È trascorso un anno dalla guerra voluta da Vladimir Putin, dall’invasione del territorio ucraino, dall’inizio di morti e scie di sangue. Migliaia di vittime innocenti, soldati uccisi ed esecuzioni truculente. Nessun segnale degno di nota dalle trattative per il cessate il fuoco, riflettori accesi sulle dinamiche a livello internazionale con protagonisti anche Stati Uniti e Cina, senza dimenticare l’Europa. L’Italia ha sempre mantenuto la barra dritta, nonostante il cambio di governo e di maggioranza. Il passaggio da Mario Draghi a Giorgia Meloni non ha visto scossoni per quanto concerne il sostegno a Kiev: totale e incondizionato.
L’esecutivo di unità nazionale fatto cadere dal Movimento 5 Stelle ha interpretato un ruolo importante a livello europeo nel sostegno al Paese di Volodymyr Zelensky. Draghi si è esposto in prima persona con gli altri leader, ribadendo l’importanza di individuare spiragli di pace e mediazione ma allo stesso tempo rimarcando l’imperativo di ripristinare l’integrità territoriale dell’Ucraina. In altre parole, di garantire il rispetto di un popolo aggredito.
Come anticipato, il risultato delle elezioni del 25 settembre non hanno segnato svolte o passi indietro sul sostegno a Kiev. Anzi, hanno rafforzato le garanzie di sostegno. Le perplessità appartengono sono alla sinistra: il Movimento 5 Stelle si è reso protagonista dell’ennesima capriola firmata Giuseppe Conte, un riposizionamento ultra-pacifistica per una logica elettorale. No convinto all’invio di armi da parte dei grillini, ma anche di Verdi e Sinistra Italiana, alleati del Partito Democratico.
In politica, come in molti altri ambiti della vita, contano i fatti più delle parole. E i fatti sono noti a tutti, a prescindere dalle fake news: il centrodestra ha sempre votato in maniera compatta pro-Kiev. Fratelli d’Italia, Lega e Forza Italia hanno votato documenti operativi e di solidarietà sin dall’inizio dell’invasione. Tenere aperto il dialogo per arrivare alla pace è un conto, smettere di contribuire alla difesa di un Paese aggredito è tutt’altro discorso. Nonostante la propaganda e le accuse lanciate in campagna elettorale, la sinistra sul punto è apparsa quantomeno confusa. Restando all’opposizione, discorso diverso per Italia Viva e Azione: i partiti guidati da Matteo Renzi e Carlo Calenda hanno sempre votato per fornire aiuti e armi a Kiev, confermando la linea tenuta durante la presidenza Draghi.

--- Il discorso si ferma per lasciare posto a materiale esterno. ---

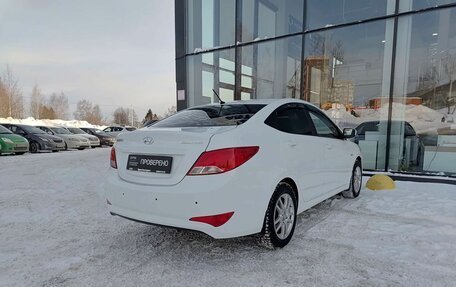 Hyundai Solaris II рестайлинг, 2015 год, 899 800 рублей, 6 фотография
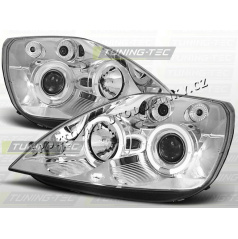FORD FIESTA 2002–08 KLARES VORDERE LICHT ANGEL EYES CHROM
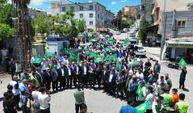 HÜDA PAR Bozova İlçe Kongresi Öncesi Salon İptaline Tepki Gösterdi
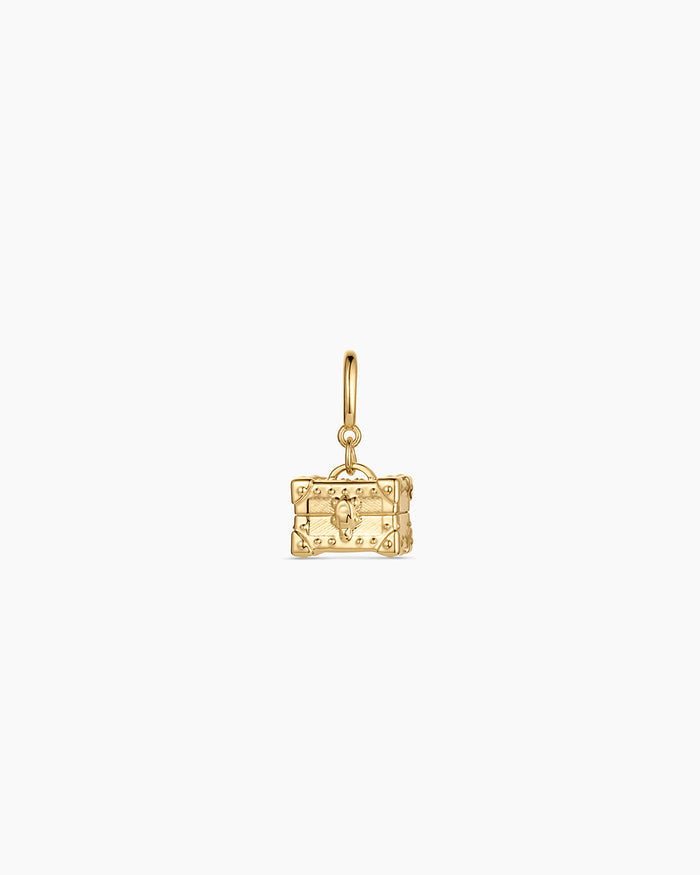 Trunk Parker Charm || option::18K Gold Plated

Il viaggio in Ucraina di tre giorni fa ha confermato ancora una volta l’indirizzo di Giorgia Meloni. Il primo ministro ha espresso a parole e con i fatti il sostegno a Kiev sia dai banchi dell’opposizione, sia da Palazzo Chigi. “Potete contare sull’Italia. Siamo con voi dall’inizio e lo saremo fino alla fine. Avete tutto il nostro il supporto”, il messaggio della leader di Fratelli d’Italia a Zelensky.
In prima linea anche Antonio Tajani e Guido Crosetto. Il titolare della Farnesina ha ribadito a più riprese la contrarietà azzurra all’invasione russa e l’appoggio all’indipendenza ucraina, come certificato dalle votazioni in Parlamento. “Dobbiamo essere ottimisti anche in un momento difficile, non dobbiamo mai dimenticare che alla fine prevale il bene sul male, che alla fine prevarrà la pace e dobbiamo impegnarci tutti noi affinchè si arrivi a un accordo che non penalizzi l’Ucraina perchè la resa sarebbe una cosa diversa dalla pace. Se aiutiamo quel Paese lo facciamo perchè vogliamo una trattativa”, la sua posizione. Posizioni condivise dal collega della Difesa, che ha dovuto fare i conti con minacce e offese personali da parte dell’elite russa, a partire dall’ex presidente Dimitri Medvedev.